> [ABOUT THIS EXERCISE]:
Transcribe exactly the stretch of lines beginning at the one containing "Kansas man convicted" and closing with the last line of the entries below. Omit images.

> [MATERIAL FOR THIS EXERCISE]:

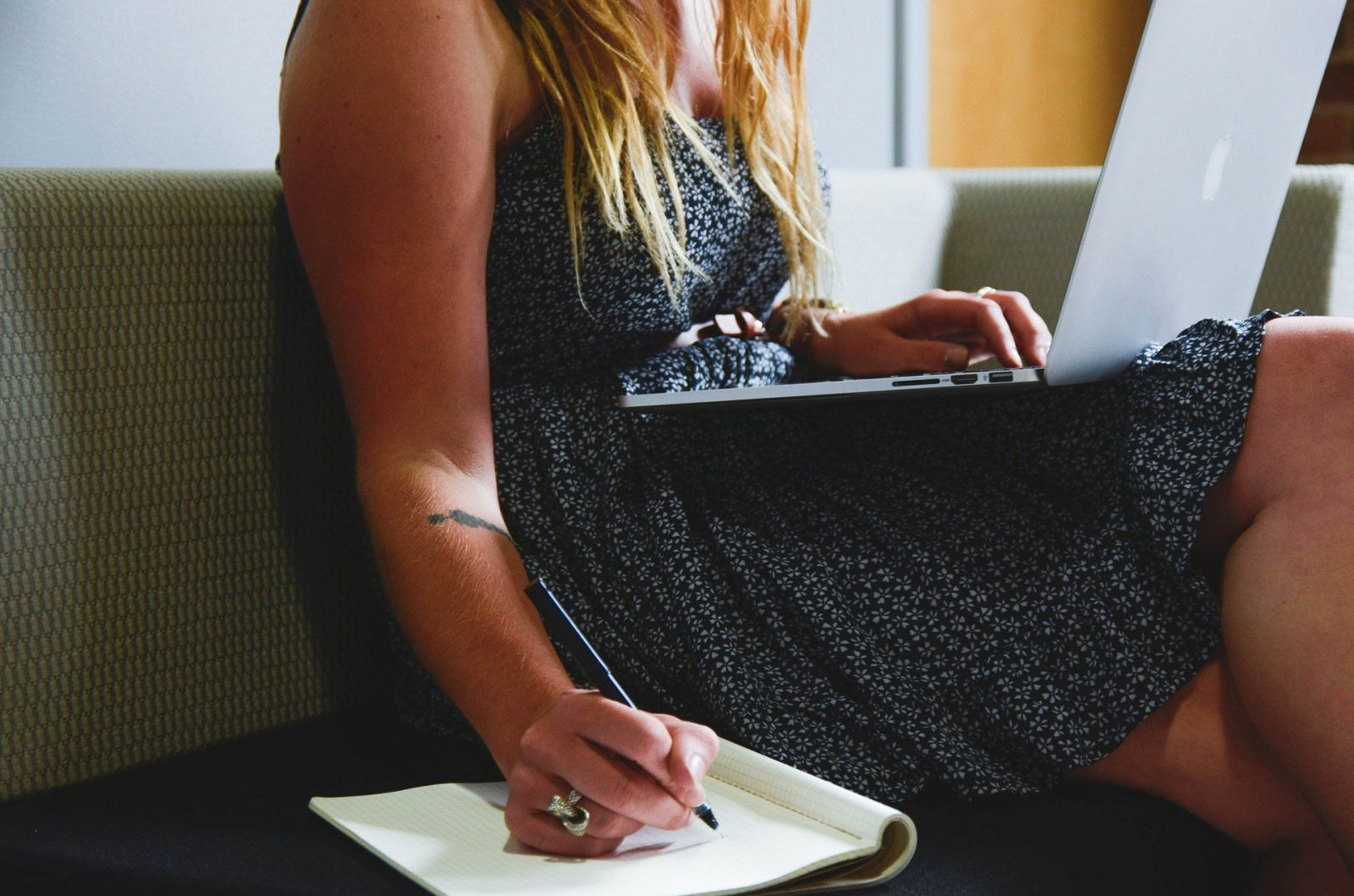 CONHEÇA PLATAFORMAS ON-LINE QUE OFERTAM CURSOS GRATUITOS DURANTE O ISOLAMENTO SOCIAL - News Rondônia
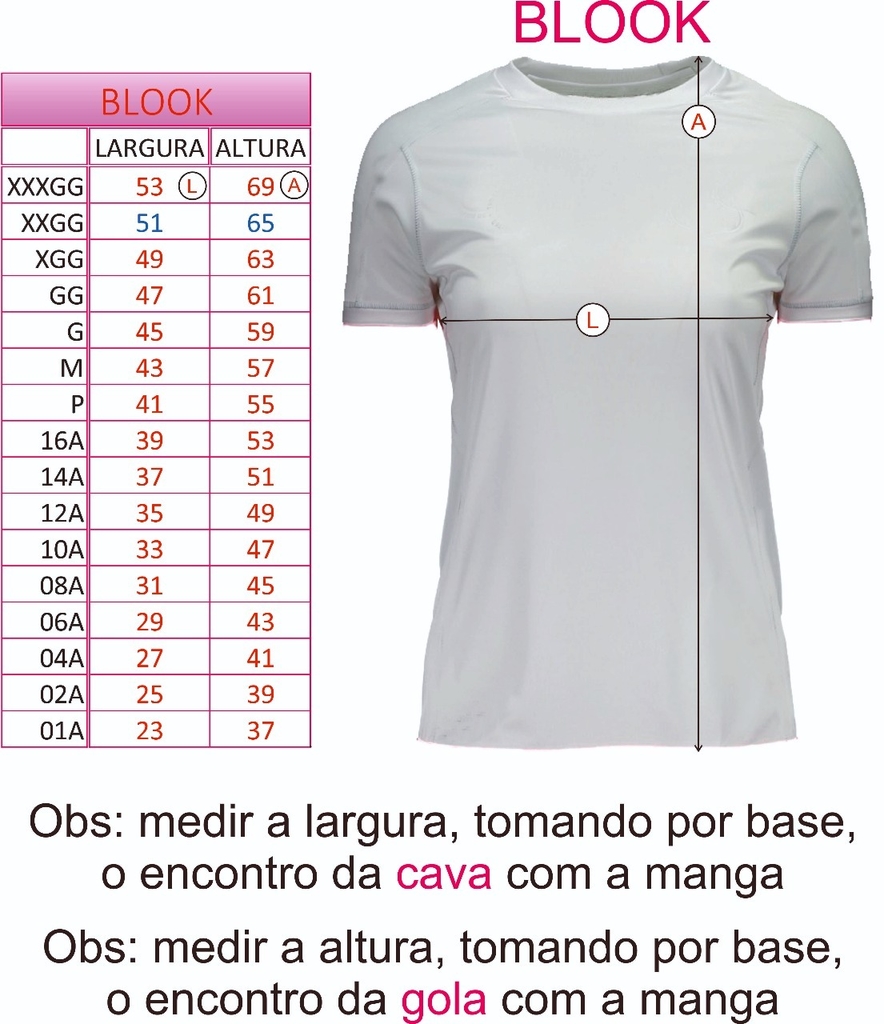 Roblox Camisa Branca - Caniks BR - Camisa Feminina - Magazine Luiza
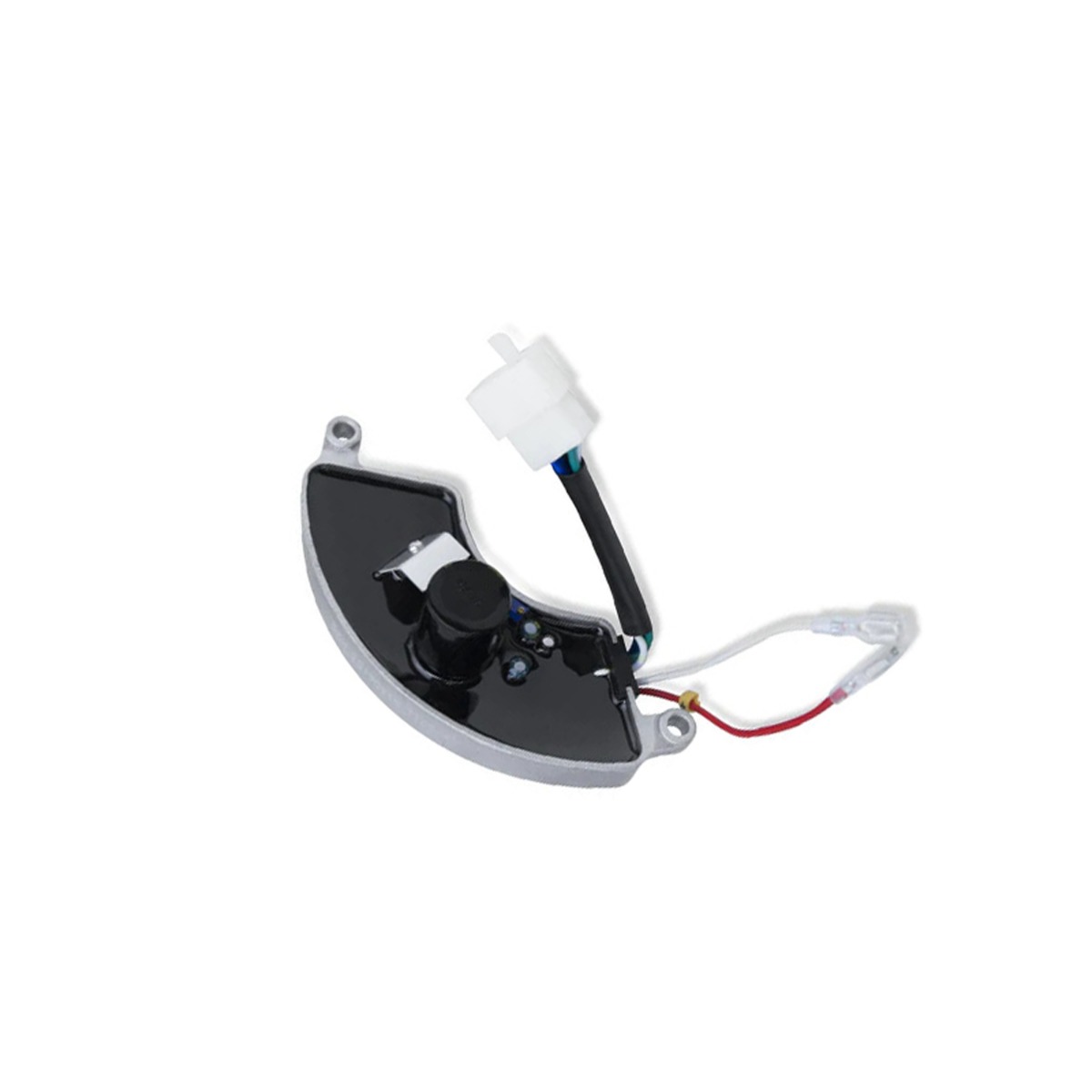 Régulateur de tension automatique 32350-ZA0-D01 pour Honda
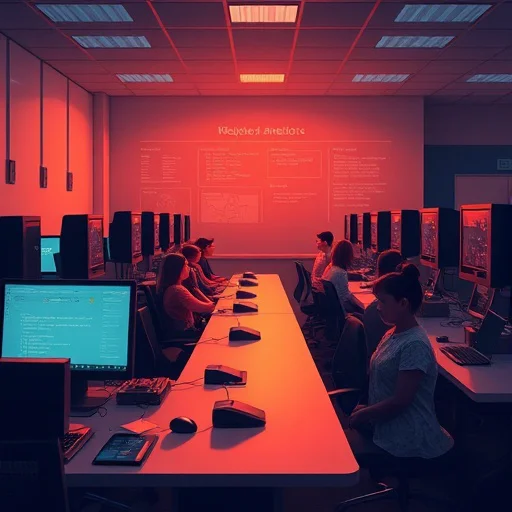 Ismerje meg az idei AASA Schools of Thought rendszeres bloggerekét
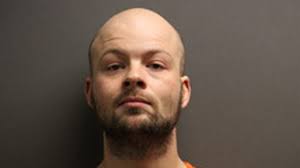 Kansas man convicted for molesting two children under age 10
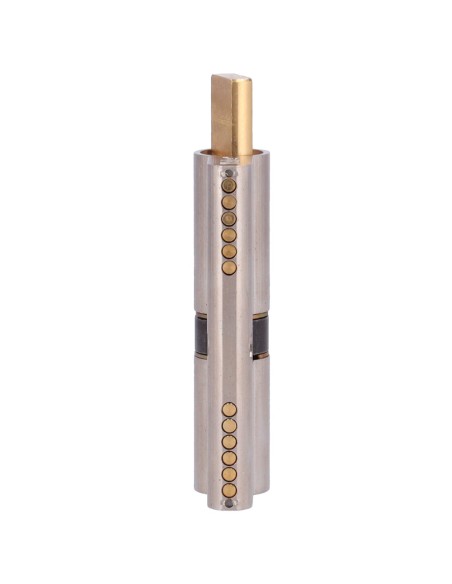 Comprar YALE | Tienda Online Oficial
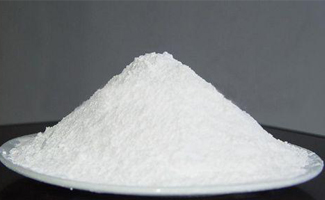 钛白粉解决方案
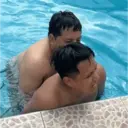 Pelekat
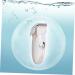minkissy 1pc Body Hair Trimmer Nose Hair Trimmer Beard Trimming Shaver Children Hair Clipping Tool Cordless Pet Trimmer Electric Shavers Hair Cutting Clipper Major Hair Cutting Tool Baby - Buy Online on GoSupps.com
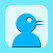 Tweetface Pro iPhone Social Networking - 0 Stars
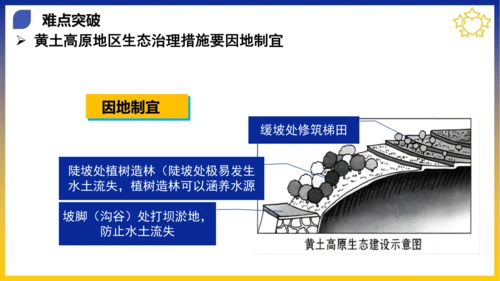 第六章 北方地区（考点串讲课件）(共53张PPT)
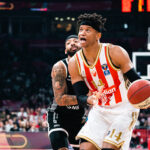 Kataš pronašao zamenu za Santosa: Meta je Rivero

> [ANSWER SPACE]:
 Kansas man convicted for molesting two children under age 10
 Comprar YALE | Tienda Online Oficial
 钛白粉解决方案
 Pelekat
minkissy 1pc Body Hair Trimmer Nose Hair Trimmer Beard Trimming Shaver Children Hair Clipping Tool Cordless Pet Trimmer Electric Shavers Hair Cutting Clipper Major Hair Cutting Tool Baby - Buy Online on GoSupps.com
 Tweetface Pro iPhone Social Networking - 0 Stars
 第六章 北方地区（考点串讲课件）(共53张PPT)
 Kataš pronašao zamenu za Santosa: Meta je Rivero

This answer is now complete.